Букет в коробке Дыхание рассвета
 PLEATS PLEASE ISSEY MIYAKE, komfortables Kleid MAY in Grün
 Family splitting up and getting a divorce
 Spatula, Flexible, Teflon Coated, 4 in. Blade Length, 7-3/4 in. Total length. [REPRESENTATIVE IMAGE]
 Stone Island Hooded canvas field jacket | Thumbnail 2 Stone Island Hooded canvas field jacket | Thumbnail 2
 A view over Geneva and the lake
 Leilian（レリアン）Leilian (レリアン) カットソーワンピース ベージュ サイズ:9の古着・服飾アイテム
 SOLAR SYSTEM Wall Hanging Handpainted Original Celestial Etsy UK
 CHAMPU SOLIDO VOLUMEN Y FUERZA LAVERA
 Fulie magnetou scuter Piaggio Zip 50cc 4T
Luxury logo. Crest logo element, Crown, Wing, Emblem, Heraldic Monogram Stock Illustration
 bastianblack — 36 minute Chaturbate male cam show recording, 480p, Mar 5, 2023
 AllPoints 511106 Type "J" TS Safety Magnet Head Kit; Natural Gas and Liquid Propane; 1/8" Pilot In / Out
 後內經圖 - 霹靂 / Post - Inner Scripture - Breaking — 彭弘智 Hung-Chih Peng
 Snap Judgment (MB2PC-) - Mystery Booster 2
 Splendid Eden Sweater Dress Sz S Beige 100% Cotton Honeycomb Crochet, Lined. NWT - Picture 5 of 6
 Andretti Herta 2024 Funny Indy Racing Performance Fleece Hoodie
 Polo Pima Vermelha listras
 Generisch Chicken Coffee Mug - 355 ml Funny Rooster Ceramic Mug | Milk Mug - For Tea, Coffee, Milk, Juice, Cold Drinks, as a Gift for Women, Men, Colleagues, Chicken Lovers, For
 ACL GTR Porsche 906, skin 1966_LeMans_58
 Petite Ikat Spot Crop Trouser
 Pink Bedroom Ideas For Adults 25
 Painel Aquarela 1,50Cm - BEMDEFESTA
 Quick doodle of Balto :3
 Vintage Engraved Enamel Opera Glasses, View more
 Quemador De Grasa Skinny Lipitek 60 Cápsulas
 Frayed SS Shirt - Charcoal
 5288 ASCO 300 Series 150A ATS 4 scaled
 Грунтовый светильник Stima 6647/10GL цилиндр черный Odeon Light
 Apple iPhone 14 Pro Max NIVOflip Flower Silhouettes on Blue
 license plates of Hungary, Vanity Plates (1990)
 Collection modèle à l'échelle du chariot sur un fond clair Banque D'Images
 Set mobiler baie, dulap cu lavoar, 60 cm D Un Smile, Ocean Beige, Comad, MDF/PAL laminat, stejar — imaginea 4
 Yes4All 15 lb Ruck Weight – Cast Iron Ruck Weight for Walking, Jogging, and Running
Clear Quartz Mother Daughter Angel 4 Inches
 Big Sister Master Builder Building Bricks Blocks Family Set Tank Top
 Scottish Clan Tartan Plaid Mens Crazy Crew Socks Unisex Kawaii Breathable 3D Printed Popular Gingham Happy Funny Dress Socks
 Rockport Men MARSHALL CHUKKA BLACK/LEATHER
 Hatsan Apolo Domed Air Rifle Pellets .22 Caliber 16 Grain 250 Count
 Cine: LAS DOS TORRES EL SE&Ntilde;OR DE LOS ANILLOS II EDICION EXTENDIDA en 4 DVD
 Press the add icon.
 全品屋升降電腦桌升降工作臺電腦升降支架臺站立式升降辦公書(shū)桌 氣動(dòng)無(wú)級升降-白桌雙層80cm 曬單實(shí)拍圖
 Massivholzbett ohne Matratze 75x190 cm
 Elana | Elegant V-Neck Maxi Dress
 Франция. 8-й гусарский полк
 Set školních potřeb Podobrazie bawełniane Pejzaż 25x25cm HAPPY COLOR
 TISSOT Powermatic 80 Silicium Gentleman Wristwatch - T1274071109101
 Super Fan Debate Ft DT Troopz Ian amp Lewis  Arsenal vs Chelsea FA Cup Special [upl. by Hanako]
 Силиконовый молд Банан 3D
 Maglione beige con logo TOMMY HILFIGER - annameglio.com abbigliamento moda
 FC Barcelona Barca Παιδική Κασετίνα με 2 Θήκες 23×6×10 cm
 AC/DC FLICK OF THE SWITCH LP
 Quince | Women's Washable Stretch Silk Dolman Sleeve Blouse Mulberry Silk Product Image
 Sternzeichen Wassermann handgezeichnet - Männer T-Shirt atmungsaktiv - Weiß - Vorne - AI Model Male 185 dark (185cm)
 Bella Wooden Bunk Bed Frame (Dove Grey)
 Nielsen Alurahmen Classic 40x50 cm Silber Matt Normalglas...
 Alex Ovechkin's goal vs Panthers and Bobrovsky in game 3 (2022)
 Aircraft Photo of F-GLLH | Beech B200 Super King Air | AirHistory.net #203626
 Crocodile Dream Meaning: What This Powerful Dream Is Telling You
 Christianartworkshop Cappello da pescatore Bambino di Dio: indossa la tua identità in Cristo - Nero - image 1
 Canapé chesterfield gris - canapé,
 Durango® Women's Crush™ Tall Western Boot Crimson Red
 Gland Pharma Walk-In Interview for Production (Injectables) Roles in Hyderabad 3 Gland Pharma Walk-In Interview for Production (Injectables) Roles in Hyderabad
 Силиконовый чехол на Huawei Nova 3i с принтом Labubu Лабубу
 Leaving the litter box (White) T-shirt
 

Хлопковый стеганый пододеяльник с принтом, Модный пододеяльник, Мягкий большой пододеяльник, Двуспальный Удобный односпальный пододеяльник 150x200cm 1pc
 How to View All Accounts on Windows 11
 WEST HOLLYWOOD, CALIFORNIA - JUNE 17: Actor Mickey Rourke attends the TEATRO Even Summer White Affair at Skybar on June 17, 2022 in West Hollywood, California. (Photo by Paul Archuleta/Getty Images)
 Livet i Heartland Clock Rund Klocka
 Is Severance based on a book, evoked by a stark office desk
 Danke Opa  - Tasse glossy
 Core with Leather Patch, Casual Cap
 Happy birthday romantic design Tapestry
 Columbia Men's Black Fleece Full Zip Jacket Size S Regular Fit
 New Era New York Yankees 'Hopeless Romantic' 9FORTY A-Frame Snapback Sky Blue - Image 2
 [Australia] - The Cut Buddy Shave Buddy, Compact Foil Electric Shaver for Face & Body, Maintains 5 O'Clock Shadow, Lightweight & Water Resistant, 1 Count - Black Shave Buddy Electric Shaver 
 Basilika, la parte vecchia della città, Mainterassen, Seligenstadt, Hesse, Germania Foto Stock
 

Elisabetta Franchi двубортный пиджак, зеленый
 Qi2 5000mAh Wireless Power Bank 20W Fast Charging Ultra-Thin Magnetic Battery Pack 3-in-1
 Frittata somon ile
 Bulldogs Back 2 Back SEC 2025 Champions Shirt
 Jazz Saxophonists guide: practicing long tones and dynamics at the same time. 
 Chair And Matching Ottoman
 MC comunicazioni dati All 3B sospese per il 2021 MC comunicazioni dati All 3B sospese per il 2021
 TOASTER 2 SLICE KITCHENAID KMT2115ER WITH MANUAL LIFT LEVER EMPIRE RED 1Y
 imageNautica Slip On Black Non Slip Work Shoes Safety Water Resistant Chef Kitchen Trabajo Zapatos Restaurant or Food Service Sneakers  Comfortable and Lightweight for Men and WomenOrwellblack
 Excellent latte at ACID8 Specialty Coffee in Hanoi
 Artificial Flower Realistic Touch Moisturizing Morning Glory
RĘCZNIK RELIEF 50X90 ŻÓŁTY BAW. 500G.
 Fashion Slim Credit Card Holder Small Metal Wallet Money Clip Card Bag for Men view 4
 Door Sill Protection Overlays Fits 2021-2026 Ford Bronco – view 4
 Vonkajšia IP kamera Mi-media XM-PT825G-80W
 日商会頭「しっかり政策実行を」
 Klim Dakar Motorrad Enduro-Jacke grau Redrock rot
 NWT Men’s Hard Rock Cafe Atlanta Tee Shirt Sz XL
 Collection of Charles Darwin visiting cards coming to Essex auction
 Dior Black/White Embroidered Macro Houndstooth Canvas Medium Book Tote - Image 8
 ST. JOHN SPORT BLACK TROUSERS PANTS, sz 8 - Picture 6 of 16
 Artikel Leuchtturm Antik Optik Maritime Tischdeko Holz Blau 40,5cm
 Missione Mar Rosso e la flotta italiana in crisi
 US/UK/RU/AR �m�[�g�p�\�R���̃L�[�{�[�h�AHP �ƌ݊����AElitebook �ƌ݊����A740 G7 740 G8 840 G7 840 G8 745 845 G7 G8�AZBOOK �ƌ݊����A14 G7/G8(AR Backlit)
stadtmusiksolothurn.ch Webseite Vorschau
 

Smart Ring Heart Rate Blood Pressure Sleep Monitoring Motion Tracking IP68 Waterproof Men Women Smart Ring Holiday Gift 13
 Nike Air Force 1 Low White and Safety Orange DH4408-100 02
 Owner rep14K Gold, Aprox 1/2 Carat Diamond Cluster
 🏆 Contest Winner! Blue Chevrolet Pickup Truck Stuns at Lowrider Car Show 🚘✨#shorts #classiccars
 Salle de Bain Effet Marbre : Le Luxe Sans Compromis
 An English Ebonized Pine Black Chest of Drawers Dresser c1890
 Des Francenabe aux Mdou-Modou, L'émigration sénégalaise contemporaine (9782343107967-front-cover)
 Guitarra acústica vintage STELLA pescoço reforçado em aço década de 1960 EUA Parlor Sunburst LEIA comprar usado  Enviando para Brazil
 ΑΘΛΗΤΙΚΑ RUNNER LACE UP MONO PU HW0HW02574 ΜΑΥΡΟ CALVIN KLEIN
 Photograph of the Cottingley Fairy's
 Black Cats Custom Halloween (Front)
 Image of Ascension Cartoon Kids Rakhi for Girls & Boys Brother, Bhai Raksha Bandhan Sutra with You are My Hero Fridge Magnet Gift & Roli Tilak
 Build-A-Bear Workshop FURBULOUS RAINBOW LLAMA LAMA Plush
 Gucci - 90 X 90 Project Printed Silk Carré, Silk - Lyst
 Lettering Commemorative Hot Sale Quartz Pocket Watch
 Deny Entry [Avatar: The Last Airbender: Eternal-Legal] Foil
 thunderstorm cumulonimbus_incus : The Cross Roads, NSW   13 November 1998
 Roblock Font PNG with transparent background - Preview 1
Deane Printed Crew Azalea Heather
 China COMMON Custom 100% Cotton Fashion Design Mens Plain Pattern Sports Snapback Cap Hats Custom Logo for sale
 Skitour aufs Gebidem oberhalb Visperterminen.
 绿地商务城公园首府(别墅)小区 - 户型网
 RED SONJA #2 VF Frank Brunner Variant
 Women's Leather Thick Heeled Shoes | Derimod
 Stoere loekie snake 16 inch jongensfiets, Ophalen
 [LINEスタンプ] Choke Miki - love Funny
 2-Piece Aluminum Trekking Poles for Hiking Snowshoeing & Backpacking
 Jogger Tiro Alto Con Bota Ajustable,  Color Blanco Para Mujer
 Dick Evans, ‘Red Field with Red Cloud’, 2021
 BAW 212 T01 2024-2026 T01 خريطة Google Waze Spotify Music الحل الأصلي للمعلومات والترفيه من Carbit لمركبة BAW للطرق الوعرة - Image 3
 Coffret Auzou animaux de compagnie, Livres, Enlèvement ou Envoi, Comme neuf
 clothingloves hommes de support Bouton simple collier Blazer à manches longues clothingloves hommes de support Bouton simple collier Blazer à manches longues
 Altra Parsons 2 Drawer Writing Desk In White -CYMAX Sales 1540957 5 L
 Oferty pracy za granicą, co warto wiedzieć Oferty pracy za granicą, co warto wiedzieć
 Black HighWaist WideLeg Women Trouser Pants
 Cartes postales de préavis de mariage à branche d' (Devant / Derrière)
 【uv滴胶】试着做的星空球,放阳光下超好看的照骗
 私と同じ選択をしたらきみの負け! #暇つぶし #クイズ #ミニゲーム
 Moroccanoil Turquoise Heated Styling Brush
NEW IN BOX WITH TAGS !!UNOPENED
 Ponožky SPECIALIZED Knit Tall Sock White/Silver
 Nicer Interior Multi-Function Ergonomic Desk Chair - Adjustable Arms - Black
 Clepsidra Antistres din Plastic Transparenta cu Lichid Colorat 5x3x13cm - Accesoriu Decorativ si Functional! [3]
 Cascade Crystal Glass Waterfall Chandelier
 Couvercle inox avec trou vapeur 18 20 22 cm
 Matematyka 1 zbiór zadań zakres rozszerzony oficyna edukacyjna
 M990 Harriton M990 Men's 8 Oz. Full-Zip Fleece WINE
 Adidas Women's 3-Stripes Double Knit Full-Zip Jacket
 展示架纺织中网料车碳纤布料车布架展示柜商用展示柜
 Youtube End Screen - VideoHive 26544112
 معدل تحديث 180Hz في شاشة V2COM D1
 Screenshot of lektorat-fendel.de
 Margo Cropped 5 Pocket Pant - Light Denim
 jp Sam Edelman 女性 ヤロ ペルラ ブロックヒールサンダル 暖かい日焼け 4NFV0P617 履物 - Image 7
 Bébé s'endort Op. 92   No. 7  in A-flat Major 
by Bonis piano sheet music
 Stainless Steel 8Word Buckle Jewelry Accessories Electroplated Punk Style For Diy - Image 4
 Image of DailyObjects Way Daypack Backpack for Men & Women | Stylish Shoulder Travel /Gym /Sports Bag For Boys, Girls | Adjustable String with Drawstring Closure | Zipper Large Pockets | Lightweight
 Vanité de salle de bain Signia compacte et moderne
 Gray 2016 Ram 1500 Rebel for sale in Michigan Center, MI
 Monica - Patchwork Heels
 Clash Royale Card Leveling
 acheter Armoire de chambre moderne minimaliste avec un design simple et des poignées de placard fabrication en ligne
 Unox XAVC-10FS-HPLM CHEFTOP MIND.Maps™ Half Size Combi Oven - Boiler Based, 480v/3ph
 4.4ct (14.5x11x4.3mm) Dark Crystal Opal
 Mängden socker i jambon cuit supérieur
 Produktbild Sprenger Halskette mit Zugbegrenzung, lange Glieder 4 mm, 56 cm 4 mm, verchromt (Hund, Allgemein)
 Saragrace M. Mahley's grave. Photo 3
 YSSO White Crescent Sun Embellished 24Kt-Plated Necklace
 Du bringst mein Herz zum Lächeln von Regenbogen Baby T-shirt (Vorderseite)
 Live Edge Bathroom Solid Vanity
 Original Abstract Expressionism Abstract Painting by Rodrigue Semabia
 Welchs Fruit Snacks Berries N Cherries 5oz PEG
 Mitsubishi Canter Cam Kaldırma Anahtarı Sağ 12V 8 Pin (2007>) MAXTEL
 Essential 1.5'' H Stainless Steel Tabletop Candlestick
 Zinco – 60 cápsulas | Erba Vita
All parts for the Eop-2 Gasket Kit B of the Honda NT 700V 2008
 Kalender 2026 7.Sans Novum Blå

▶ **Task description**: With the line that has "Polo Pima Vermelha listras" as the first and the line that has "license plates of" as the last, repeat exactly that run of lines above and no more.

▶ **Response area**:
 Polo Pima Vermelha listras
 Generisch Chicken Coffee Mug - 355 ml Funny Rooster Ceramic Mug | Milk Mug - For Tea, Coffee, Milk, Juice, Cold Drinks, as a Gift for Women, Men, Colleagues, Chicken Lovers, For
 ACL GTR Porsche 906, skin 1966_LeMans_58
 Petite Ikat Spot Crop Trouser
 Pink Bedroom Ideas For Adults 25
 Painel Aquarela 1,50Cm - BEMDEFESTA
 Quick doodle of Balto :3
 Vintage Engraved Enamel Opera Glasses, View more
 Quemador De Grasa Skinny Lipitek 60 Cápsulas
 Frayed SS Shirt - Charcoal
 5288 ASCO 300 Series 150A ATS 4 scaled
 Грунтовый светильник Stima 6647/10GL цилиндр черный Odeon Light
 Apple iPhone 14 Pro Max NIVOflip Flower Silhouettes on Blue
 license plates of Hungary, Vanity Plates (1990)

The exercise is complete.